For nearly two years Phillips’ studio was an historic, abandoned elevator tower on the site of a largely demolished paper mill. The site, exposed to the elements, stands dilapidated at the edge of a major commercial development. During his time at River Street, Phillips used landscape and buildings as the main source for his studio practice. Digging, photographing, and rehabilitating the inside of the old tower became rituals of manual labor.

Videos built from high-resolution photographs reflect Phillips' impressions of the site as well as document his solitary practice over the course of two years at River Street. Vivid moving imagery of landscape and building flickers and skips through time. Projecting his videos back onto the surfaces of the site, Phillips’ layered imagery explores the tension between the alluring and yet impenetrable nature of abandoned spaces like River Street. In Phillips’ work, documentation and intervention of both site and process is deeply intertwined.

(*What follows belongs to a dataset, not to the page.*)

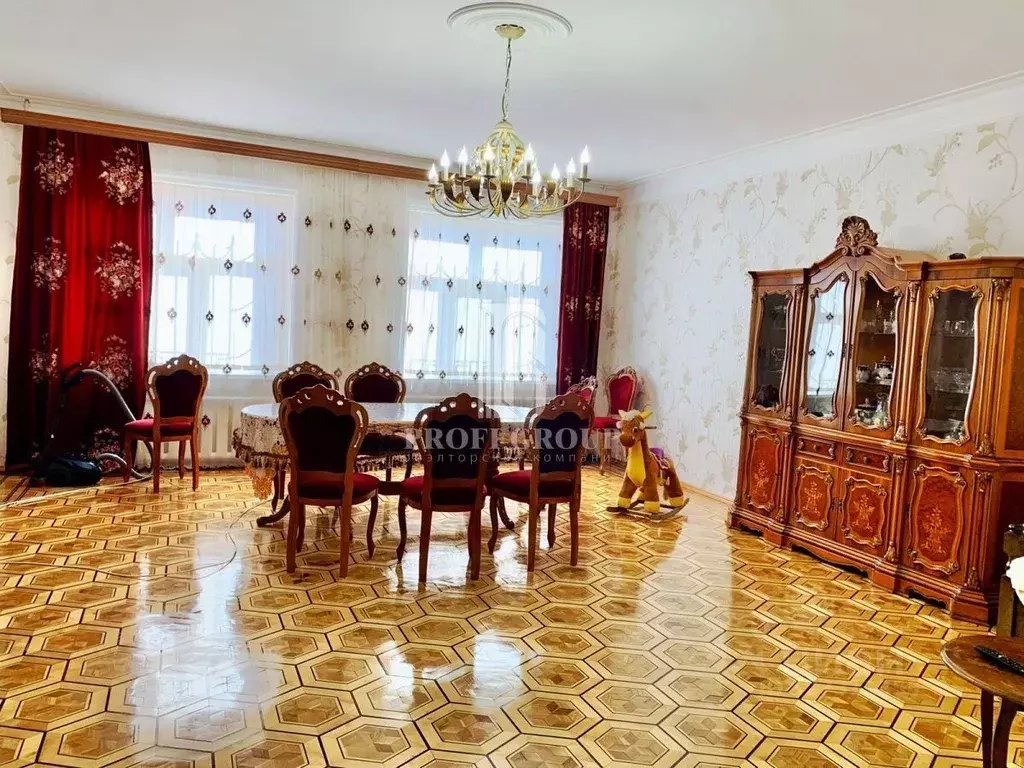 Дом в Дагестан, Махачкала Пальмира кв-л, ул. 6-я Пальмирная, 11 (250 ... - Фото 2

Phillips’ exhibition, River Street, is a dramatic, darkened installation of four suspended concrete screens featuring imagery created during his time at the tower. The heavily textured surfaces of the slabs are embedded with protruding debris, including rock, concrete, roots, steel, chain, and brick all excavated from the site. The front side of the slabs appear like ancient artifacts and hang from industrial hoists suspended in action and time. Dimly lit, the commanding scale of these forms, which function as frozen artifacts and floating video screens, inspire a sense of awe. Throughout, Phillips seeks to encapsulate the marvel he experienced when encountering such an historically rich space that was once abuzz with activity and now stands in ruins.

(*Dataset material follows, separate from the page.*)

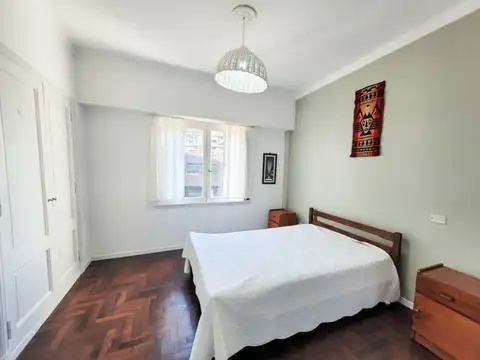 Departamento 2 ambientes a la calle - Garay y Arenales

His laborious activity at the tower was a way for Phillips to connect with and activate the site, infusing a sense of life within and around the abandoned landscape. Phillips' search for River Street's true identity parallel his search for a meaningful studio practice. Phillips writes,

A lot has changed and not much has changed. I continue to mine for answers from the site but it seems there are none. What have I learned? I have dug so much. I found rusted steel, rocks, bricks. I brought in fresh dirt, volcanic tuff, built a reflecting pool, brought the river a little bit closer to River Street, but still it is just me here, and the cars go by indifferent, like the river. There are certain moments when I feel so much for this place, usually when I first get here on a sunny day, and the dust in the pool has settled overnight and you can see to the bottom, the mud covered bricks and stone and leaves which have sunk after days circling the surface. Isn't it enough to be here, to do my work, What do I expect I should learn? Am I any wiser after almost a year of coming here?

A struggle to physically connect his practice with the rituals of daily labor and human activity that for centuries defined River Street pervades Phillips’ work. While the projections offer a sense of energy and renewal, they pass ghost-like over fossilized, unmoving ground.